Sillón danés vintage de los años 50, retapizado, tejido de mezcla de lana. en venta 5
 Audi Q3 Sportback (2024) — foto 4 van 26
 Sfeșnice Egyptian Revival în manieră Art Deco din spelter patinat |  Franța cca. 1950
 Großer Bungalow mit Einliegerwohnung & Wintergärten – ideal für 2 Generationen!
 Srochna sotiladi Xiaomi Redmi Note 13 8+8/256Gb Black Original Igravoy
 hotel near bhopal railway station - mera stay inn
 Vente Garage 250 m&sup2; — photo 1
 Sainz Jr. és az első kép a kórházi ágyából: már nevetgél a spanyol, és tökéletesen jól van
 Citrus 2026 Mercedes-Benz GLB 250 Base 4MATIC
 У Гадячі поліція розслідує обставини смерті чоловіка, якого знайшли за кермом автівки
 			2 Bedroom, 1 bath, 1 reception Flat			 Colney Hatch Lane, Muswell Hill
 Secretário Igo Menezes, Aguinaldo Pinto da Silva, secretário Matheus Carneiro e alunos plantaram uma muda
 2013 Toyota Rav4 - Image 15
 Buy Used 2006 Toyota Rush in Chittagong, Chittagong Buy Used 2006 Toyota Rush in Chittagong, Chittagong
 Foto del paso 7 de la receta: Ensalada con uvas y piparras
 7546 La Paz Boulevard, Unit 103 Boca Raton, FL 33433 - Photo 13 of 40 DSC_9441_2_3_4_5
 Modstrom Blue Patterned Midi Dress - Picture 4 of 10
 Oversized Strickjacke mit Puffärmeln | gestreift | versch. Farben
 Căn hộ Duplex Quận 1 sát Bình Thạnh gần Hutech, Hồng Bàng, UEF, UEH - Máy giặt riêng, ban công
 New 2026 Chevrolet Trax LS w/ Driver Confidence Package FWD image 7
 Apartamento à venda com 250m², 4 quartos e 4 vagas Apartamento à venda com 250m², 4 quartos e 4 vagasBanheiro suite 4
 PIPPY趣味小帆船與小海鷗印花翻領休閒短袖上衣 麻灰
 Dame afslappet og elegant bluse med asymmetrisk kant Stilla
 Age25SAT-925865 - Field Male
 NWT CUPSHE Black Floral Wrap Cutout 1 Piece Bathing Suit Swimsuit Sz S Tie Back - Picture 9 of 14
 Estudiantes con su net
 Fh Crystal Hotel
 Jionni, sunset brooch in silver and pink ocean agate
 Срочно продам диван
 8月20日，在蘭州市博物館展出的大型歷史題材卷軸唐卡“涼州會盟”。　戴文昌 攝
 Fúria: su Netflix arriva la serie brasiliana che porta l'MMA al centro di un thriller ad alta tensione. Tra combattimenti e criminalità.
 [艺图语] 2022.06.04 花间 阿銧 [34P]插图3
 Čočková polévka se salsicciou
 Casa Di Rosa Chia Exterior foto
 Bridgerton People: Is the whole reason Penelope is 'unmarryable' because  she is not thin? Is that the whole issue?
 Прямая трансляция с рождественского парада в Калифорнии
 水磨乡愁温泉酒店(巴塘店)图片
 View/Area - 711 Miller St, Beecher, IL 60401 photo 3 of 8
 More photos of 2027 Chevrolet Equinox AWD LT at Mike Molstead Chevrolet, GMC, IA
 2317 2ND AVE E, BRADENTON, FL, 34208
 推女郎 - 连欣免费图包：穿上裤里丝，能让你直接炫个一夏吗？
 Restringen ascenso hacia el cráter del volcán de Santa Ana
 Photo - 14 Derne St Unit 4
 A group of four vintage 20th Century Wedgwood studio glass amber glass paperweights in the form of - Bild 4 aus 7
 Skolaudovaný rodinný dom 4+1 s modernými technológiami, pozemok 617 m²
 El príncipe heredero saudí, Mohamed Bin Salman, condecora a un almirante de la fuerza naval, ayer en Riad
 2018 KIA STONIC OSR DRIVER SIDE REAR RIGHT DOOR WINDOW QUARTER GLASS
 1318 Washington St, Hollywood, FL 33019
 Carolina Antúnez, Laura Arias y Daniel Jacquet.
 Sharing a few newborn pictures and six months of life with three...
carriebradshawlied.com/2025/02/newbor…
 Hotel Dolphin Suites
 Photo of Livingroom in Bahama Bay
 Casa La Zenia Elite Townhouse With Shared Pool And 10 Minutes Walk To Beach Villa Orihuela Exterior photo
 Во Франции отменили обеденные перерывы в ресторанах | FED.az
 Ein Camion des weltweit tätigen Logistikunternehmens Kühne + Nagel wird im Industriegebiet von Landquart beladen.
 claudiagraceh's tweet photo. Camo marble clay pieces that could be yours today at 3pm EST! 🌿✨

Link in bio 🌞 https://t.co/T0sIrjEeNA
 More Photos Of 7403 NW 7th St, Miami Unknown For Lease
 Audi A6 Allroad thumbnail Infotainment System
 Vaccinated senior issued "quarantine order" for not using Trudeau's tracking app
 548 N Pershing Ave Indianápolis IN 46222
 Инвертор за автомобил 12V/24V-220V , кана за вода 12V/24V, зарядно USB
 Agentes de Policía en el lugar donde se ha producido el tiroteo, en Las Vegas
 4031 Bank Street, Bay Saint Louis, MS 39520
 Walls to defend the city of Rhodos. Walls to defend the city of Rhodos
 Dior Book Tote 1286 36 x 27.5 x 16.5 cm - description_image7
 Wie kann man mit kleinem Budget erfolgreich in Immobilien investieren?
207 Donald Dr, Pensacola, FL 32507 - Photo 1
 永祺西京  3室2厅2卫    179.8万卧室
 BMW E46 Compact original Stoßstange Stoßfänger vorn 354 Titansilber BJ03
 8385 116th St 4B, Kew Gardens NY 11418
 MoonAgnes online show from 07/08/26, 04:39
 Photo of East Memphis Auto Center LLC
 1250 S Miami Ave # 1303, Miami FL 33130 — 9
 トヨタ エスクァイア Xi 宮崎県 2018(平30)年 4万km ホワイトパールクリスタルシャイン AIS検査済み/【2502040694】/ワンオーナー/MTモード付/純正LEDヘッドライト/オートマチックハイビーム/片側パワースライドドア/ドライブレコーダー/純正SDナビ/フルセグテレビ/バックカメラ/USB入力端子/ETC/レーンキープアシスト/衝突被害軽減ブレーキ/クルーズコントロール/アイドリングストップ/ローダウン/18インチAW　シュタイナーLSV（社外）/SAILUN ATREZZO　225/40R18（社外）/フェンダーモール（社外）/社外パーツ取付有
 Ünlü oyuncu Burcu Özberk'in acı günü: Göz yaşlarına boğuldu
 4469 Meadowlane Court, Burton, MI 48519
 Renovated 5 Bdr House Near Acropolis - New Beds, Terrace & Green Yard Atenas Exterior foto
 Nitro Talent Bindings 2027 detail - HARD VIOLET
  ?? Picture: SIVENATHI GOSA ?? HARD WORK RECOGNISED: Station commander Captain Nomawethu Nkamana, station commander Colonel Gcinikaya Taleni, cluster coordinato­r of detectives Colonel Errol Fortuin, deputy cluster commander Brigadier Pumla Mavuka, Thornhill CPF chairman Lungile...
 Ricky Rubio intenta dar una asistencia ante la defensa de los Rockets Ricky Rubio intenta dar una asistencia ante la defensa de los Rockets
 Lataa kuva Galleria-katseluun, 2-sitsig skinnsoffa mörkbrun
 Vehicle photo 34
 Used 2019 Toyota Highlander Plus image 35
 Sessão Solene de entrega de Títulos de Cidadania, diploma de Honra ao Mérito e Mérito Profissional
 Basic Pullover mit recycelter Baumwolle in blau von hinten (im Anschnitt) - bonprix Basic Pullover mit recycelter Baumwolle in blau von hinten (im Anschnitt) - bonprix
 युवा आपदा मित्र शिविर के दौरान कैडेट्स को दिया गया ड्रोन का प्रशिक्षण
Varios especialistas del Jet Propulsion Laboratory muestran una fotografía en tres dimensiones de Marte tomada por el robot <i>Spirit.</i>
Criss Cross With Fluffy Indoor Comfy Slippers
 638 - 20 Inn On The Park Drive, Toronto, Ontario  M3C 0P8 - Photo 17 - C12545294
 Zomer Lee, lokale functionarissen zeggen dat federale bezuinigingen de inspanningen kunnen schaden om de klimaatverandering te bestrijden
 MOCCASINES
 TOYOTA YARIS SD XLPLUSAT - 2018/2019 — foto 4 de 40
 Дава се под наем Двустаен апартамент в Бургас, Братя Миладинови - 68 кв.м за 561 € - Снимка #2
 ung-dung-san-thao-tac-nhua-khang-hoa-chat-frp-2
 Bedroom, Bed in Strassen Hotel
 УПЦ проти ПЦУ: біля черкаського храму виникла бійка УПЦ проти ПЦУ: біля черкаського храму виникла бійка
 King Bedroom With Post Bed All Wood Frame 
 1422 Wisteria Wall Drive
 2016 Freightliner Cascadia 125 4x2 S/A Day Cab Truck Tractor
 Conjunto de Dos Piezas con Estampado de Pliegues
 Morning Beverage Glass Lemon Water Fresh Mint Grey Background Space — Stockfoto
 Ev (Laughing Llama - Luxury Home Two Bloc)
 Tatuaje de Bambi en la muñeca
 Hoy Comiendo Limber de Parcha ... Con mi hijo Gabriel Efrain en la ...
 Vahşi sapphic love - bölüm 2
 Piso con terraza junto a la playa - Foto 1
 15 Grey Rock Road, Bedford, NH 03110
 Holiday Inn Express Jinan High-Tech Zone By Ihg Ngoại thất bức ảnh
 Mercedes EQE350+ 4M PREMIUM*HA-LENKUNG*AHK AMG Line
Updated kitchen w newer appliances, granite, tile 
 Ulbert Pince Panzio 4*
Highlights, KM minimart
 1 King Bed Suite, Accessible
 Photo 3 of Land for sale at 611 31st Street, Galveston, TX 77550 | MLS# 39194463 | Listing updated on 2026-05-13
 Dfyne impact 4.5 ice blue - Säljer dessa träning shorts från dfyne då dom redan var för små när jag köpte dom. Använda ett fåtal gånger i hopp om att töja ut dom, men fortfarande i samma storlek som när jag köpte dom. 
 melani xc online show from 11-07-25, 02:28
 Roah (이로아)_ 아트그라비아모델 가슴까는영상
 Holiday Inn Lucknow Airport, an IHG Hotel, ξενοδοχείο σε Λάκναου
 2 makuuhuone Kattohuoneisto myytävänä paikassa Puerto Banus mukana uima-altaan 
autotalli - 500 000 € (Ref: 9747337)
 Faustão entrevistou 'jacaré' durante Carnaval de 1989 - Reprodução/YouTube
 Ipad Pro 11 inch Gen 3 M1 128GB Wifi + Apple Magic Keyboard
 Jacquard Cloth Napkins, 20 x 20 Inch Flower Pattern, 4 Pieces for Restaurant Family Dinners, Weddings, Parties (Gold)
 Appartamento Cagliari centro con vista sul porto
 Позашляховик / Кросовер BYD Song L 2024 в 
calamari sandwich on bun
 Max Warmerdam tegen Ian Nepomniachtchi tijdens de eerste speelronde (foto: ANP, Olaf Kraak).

•••••

▶ [Work instruction] Determine how many lines in the data contain the string "Chevrolet", and give the number only.

▶ [Result for this exercise] 2